• Directions for this task
Only the lines from the one that contains "Now let's look" through the end of the entries, both included, should be transcribed, exactly and without pictures.

•••

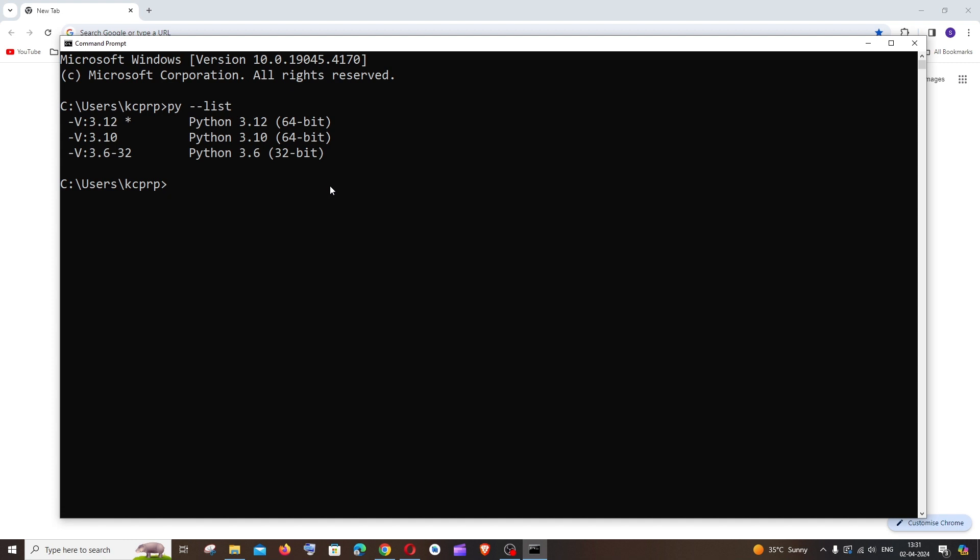Next thing is we must also check the Python version that is in use currently. So for checking that, it's going to be Python space hyphen hyphen version. Currently the Python version that is in use is 3.10.9.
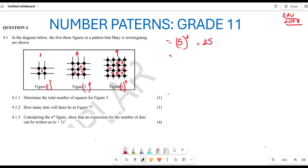Now let's look at the number of dots. The first figure has four dots. The second one has one, two, three, four, five, six, seven, eight, nine — that's nine dots. The third one has sixteen dots. Now they are asking how many dots are going to be in figure seven.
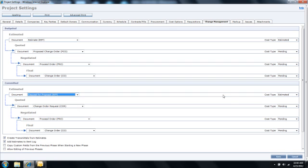Additionally, over here to the right, you're able to identify where you want those dollars to be deposited on your cost worksheet.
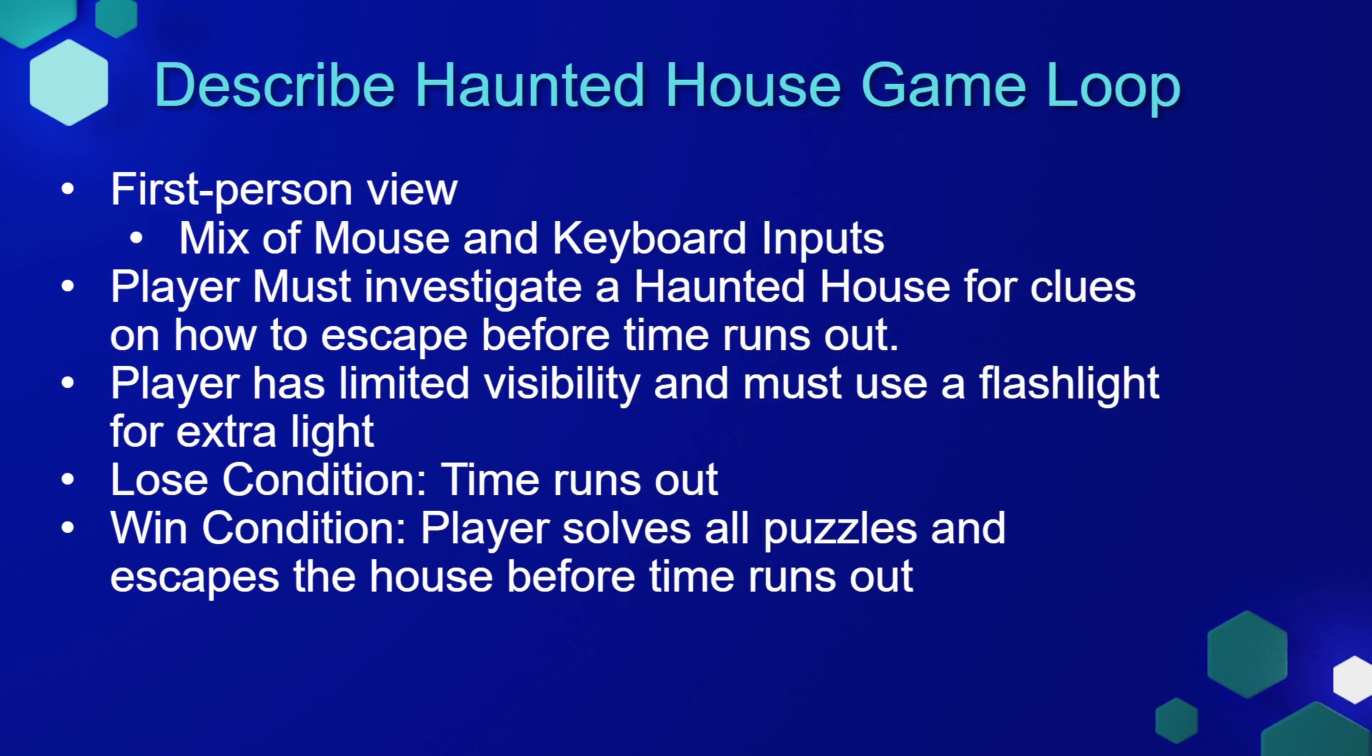In our game, the player must investigate a haunted house for clues on how to escape before the time runs out. The player has limited visibility and must use a flashlight for extra light.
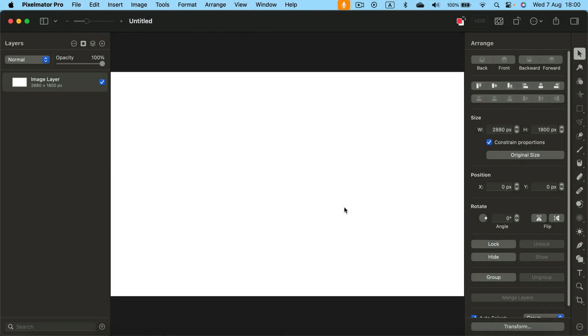Did you know that there is a proper vector pen tool in Pixelmator Pro? Let me show you how you can use it.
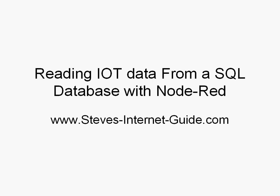Hello and welcome to another Node-RED video. In this video we're going to look at reading IoT data from a SQL database. This is a follow-on video to two previous videos where we looked at writing IoT data to a SQL database.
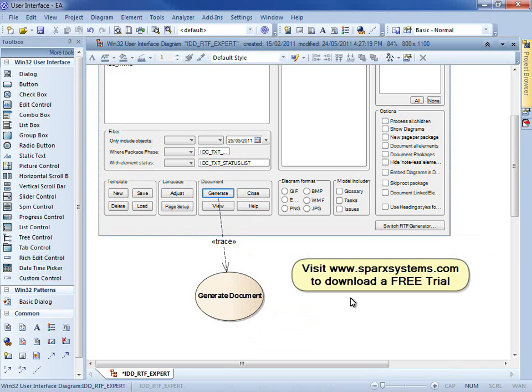For more information or to download a free trial, visit www.sparksystems.com. Thank you.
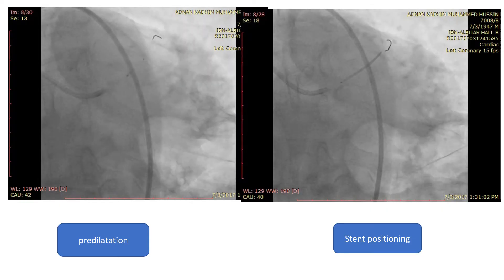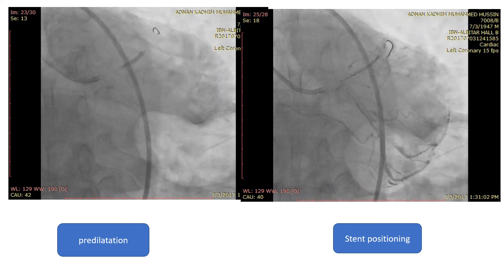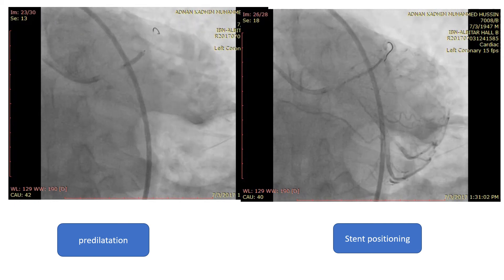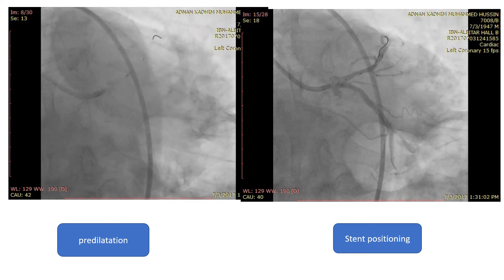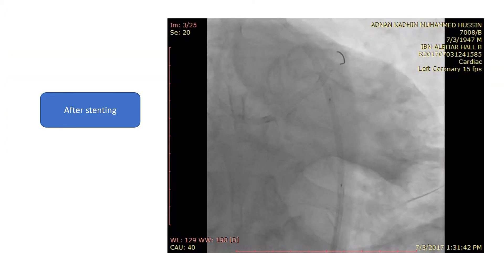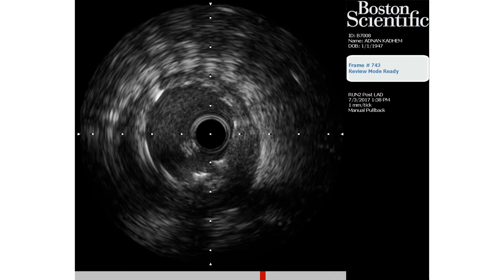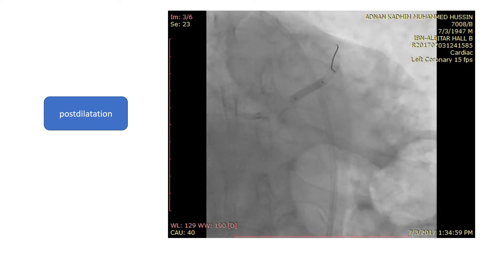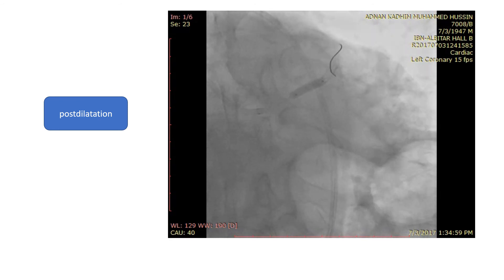So the lesion was pre-dilated. Here we can see positioning of a stent that is 3.5 by 34 millimeters. This is the result after stenting — it looks pretty good. But IVUS showed that there is some stent under-expansion; although it is apposed, it is under-expanded. So it was post-dilated with a non-compliant balloon of 3.5.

•••

• Problem solution
Now let's look at the number of dots. The first figure has four dots. The second one has one, two, three, four, five, six, seven, eight, nine — that's nine dots. The third one has sixteen dots. Now they are asking how many dots are going to be in figure seven.
Additionally, over here to the right, you're able to identify where you want those dollars to be deposited on your cost worksheet.
In our game, the player must investigate a haunted house for clues on how to escape before the time runs out. The player has limited visibility and must use a flashlight for extra light.
Did you know that there is a proper vector pen tool in Pixelmator Pro? Let me show you how you can use it.
Hello and welcome to another Node-RED video. In this video we're going to look at reading IoT data from a SQL database. This is a follow-on video to two previous videos where we looked at writing IoT data to a SQL database.
For more information or to download a free trial, visit www.sparksystems.com. Thank you.
So the lesion was pre-dilated. Here we can see positioning of a stent that is 3.5 by 34 millimeters. This is the result after stenting — it looks pretty good. But IVUS showed that there is some stent under-expansion; although it is apposed, it is under-expanded. So it was post-dilated with a non-compliant balloon of 3.5.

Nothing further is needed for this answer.